First Lieutenant Jimmy Cross carried letters from a girl named Martha, a junior at Mount Sebastian College in New Jersey. They were not love letters, but Lieutenant Cross was hoping, so he kept them folded in plastic at the bottom of his rucksack.

The things they carried were largely determined by necessity. Among the necessities or near-necessities were P-38 can openers, pocket knives, heat tabs, wristwatches, dog tags, mosquito repellent, chewing gum, candy, cigarettes, salt tablets, packets of Kool-Aid, lighters, matches, sewing kits, Military Payment Certificates, C rations, and two or three canteens of water. 

Henry Dobbins, who was a big man, carried extra rations.

Ted Lavender, who was scared, carried tranquilizers until he was shot in the head outside the village of Than Khe in mid-April. 

Dave Jensen carried three pairs of socks and a can of Dr. Scholl's foot powder as a precaution against trench foot.

Kiowa, a devout Baptist, carried an illustrated New Testament that had been presented to him by his father, who taught Sunday School in Oklahoma.

Until he was shot, Ted Lavender carried 6 or 7 ounces of premium dope, which for him was a necessity.

Because the land was mined and booby-trapped, it was SOP for each man to carry a steel-centered, nylon-covered flak jacket, which weighed 6.7 pounds, but which on hot days seemed much heavier. 

What they carried was partly a function of rank, partly of field specialty. 

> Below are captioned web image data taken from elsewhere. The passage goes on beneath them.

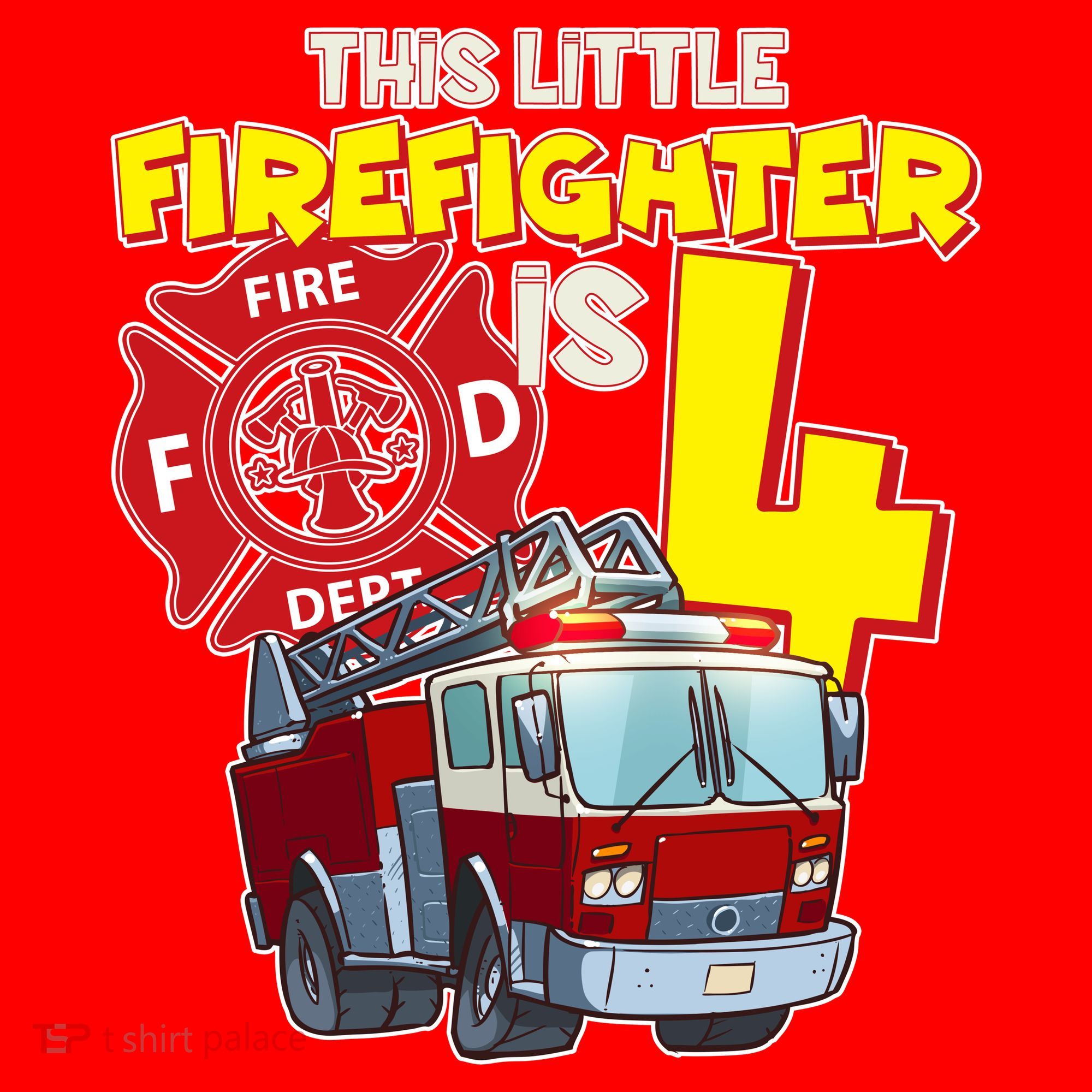 4th Birthday This Little Firefighter Is Four Women's Tank Top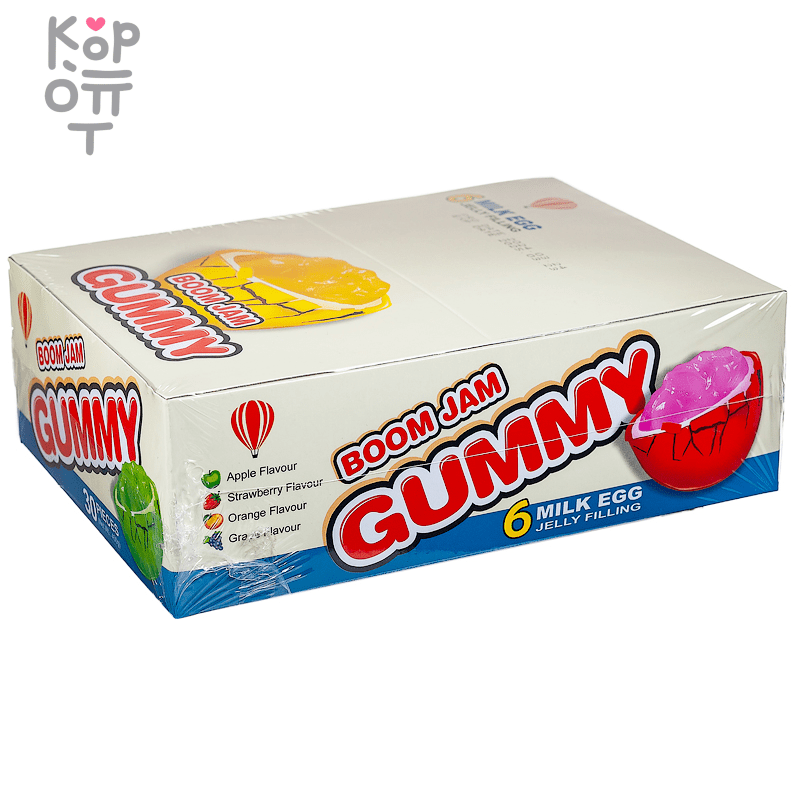 Linhui BoomJam Gummy - Конфета-драже жевательная 4 вкуса (апельсин, виноград, яблоко, клубника), 15гр.*30шт. в коробке., купить с доставкой на дом фото 1 &mdash; Корейские товары для всей семьи(КорОпт)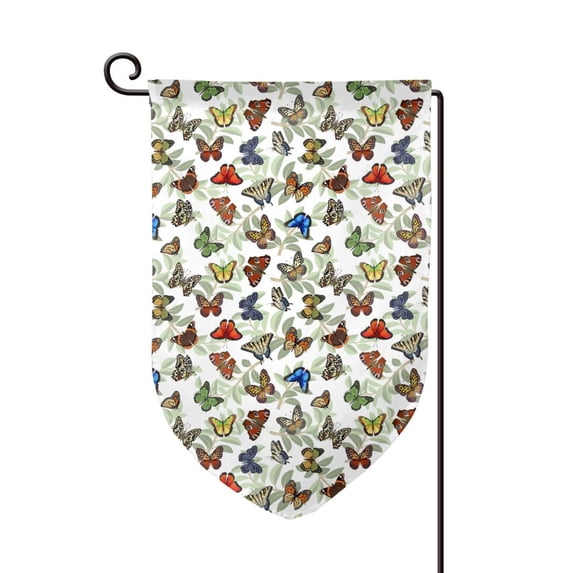 Wukai Multicolored Butterflies Print Garden Flag 12.5x18 Inch Double Sided Sun-resistant Rain-resistant, Wrinkle-resistant Colorfast(Only Flag)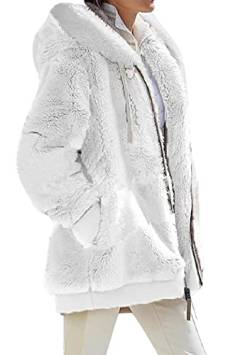 OMZIN Damen Winter Einfache Plüschjacke Einfarbig Lässige Warme Strickjacke Mit Kapuze Basic Reißverschlussjacke Reines Weiß 5XL von OMZIN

In addition to the three standard weapons--the M-60, M-16, and M-79--they carried whatever presented itself, or whatever seemed appropriate as a means of killing or staying alive. They carried catch-as-catch-can.

They carried all they could bear, and then some, including a silent awe for the terrible power of the things they carried.

They shared the weight of memory. They took up what others could no longer bear. Often, they carried each other, the wounded or weak. They carried infections. They carried chess sets, basketballs, Vietnamese-English dictionaries, insignia of rank, Bronze Stars and Purple Hearts, plastic cards imprinted with the code of conduct. They carried diseases, among them malaria and dysentery. They carried lice and ringworm and leeches and paddy algae and various rots and molds. They carried the land itself--Vietnam, the place, the soil---a powdery orange-red dust that covered their boots and fatigues and faces. They carried the sky. 

For the most part they carried themselves with poise, a kind of dignity. Now and then, however, there were times of panic...

They were tough.

They carried all the emotional baggage of men who might die. Grief, terror, love, longing---these were intangibles, but the intangibles had their own mass and specific gravity, they had tangible weight. They carried shameful memories. They carried the common secret of cowardice barely restrained, the instinct to run or freeze or hide, and in many respects this was the heaviest burden of all, for it could never be put down, it required perfect balance and perfect posture. 

I'm once again so impressed that this was one of the books that my son read in his high school English class. I'm so impressed by his amazing teachers who insisted they read books like this! I only wish I read it sooner.